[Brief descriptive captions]
........
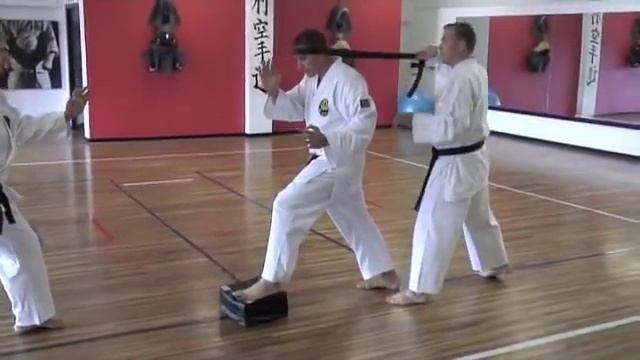 Kimura Shukokai - Samurai Dojo смотреть онлайн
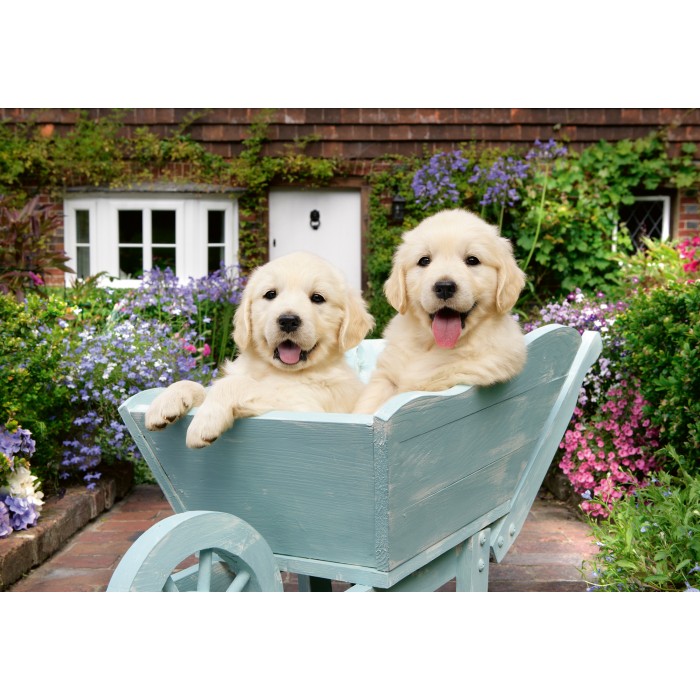 Ravensburger-01368 Bien Être & Puzzle - Golden Retriever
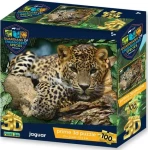 PRIME 3D Puzzle Ohrožené druhy: Jaguár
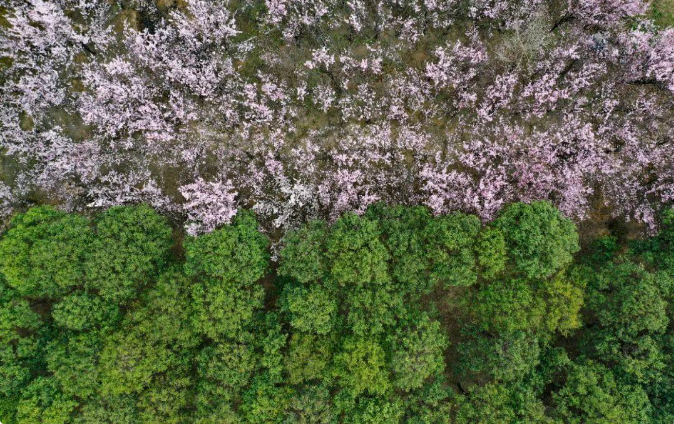 周末直冲20郑州赏杏花攻略来啦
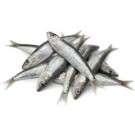 SARDINE PETITES PETINGA (870gr net) SAC 1KG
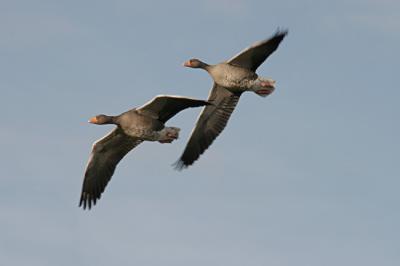 Greylag Geese Flying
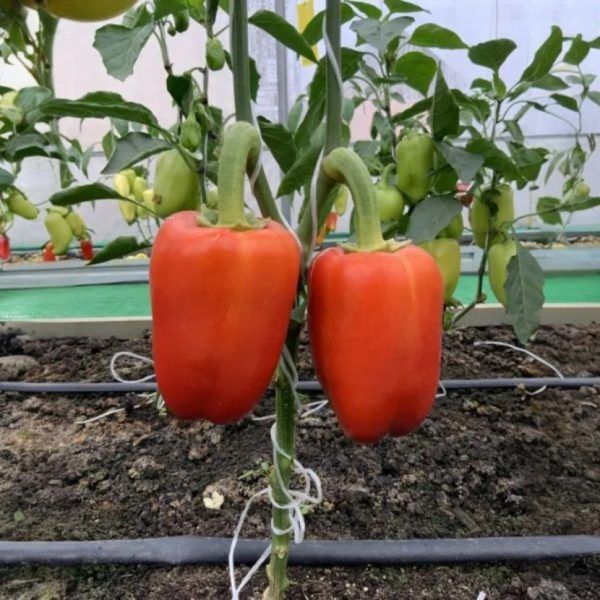 ����� ����� �������: ��������� ����� ��� ����� �������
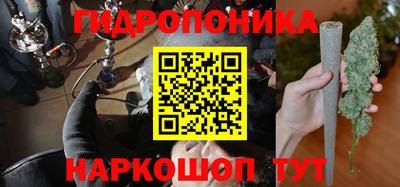 индика Ликино-Дулёво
........
# Task to complete:
The final stretch of the data, from the line with "周末直冲20郑州赏杏花攻略来啦" through its last line, is to be retyped exactly; pictures are not part of the copy.

# Answer section:
 周末直冲20郑州赏杏花攻略来啦
 SARDINE PETITES PETINGA (870gr net) SAC 1KG
 Greylag Geese Flying
 ����� ����� �������: ��������� ����� ��� ����� �������
 индика Ликино-Дулёво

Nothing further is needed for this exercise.